Um, The Tennessee Valley Authority?

"I don't like the IRS!"

So you like all the parts except for the part that collects the taxes that make them all possible?

"No. I don't like all the parts. I don't like the EPA!"

Yeah. Clean water is a bitch. Mercury and lead are tasty; no argument there.

See, here's where I think the average conservative voter and their political leaders part ways. They can both hum along to the same "the government" dog whistle, but it means two different things to each. To the voter, it means "I like most of the parts of the government, but I vote for the team that doesn't want it to work because I don't like the team that makes it work." Is that an oversimplification? Yes. But we need these people. This conservative impulse is actually good, because, in a measured degree, it could save us all from government overreach which is a real thing that could happen if the only people in power were the ones who believe in government solutions. They would wield the tools they have (government solutions) for everything, and that would be bad. We need conservative voters.

What we do not need are right-wing politicians who mean something very different when they say "the government." Because if you do a close reading of McMorris Rodgers' speech, she's not talking about the NSA (clear government overreach) or drone strikes. She's talking about taking away limits. This is another code for "regulations," another word the Republicans have tried to make into swear word. And I worry that it's working and that people don't give that a second thought. Because while stupid regulations are bad, Republicans don't propose smart regulations. They oppose all regulation on principle; the rules that keep your water clean, that prevent your car from being a ticking time bomb, that try (and often fail) from keeping the banking industry from throwing away your life savings. Why?

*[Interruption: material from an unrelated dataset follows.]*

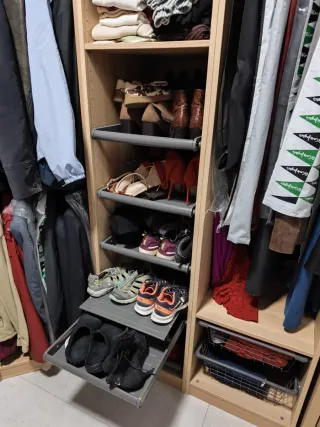 Armario vestidor de madera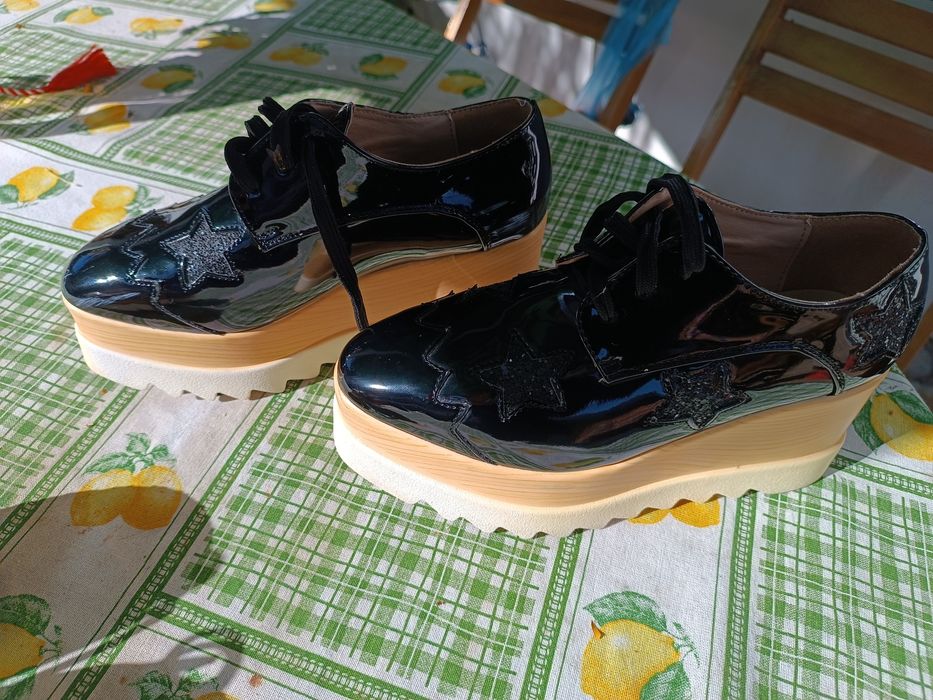 2 perechi pantofi casual 60lei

Because what Republican politicians really want, in spite of the fact that conservative voters actually like a lot of government programs, is to cash in on all those potential markets. Schools? Privatize them all. Police? More money to be made in private security forces. The military? Blackwater mercenaries. EPA? Let Exxon Mobile do whatever it wants. What bad things could possibly come from that?

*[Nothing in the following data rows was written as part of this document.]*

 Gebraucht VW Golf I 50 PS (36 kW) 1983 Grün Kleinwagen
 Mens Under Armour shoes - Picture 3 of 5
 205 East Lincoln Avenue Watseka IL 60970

Now, of course this irks me because I'm a public sector employee who firmly believes that all children in the world's richest nation deserve a free, high quality public education. But this goes beyond self interest. I overhear my students in the halls parroting this anti-government propaganda and I can't say anything because that wouldn't be appropriate. I oversee my former students grousing about the government on Facebook and twitter, and it depresses me. 

Despite Republican's claims to be the "party of personal responsibility," this constant anti-government drum beat has diminished a whole generation's sense that they need to take personal responsibility for their government. It becomes "the government," this nebulous entity that can only wreak havoc on their young lives. What they don't see is that, unlike the corporation they work for, the government is an entity they own and control. It's certainly not perfect and it's not the solution for everything, but it is an entity that belongs to all of us. The government is an extension of We the People. Anti-government rhetoric from people who carry aroundwe-the-people_larger little copies of the Constitution seems like the most bitter form of irony to me. Read the first three words! The government is us. And if we don't like it, we shouldn't complain about some institution out there. We should fix it. Because it's ours. The people who hate the government hate something we have created (or failed to create due to our apathy), and that should be an insult to all of us. 

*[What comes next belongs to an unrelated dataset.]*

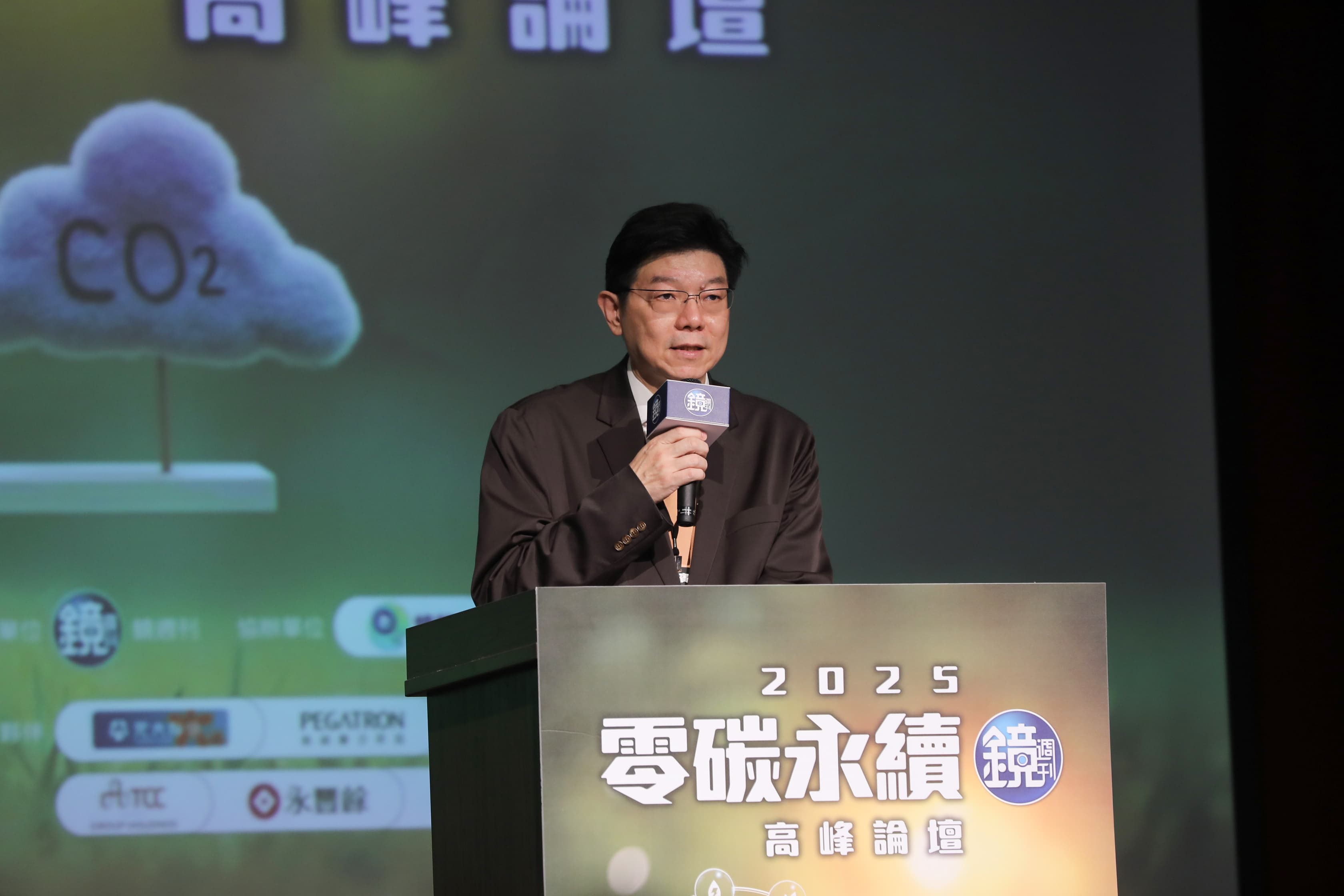 《鏡週刊》社長裴偉表示，希望透過舉辦「零碳永續高峰論壇」，搭建產官學溝通與交流平台，集思廣益一起找出企業零碳永續的經營路徑，協助各產業因應此一變局，讓台灣的經濟發展得以持續維持穩步向上的局面。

The insult is even more severe when those people work for that government or are asking for our permission to go to work for it.

So tell me the government should change in this way or that way. I can appreciate that. Tell me you want to reign in this specific part or alter this other specific part. But don't sneer every time you mention the government until you're literally choking at the end of your speech. Because that government belongs to us.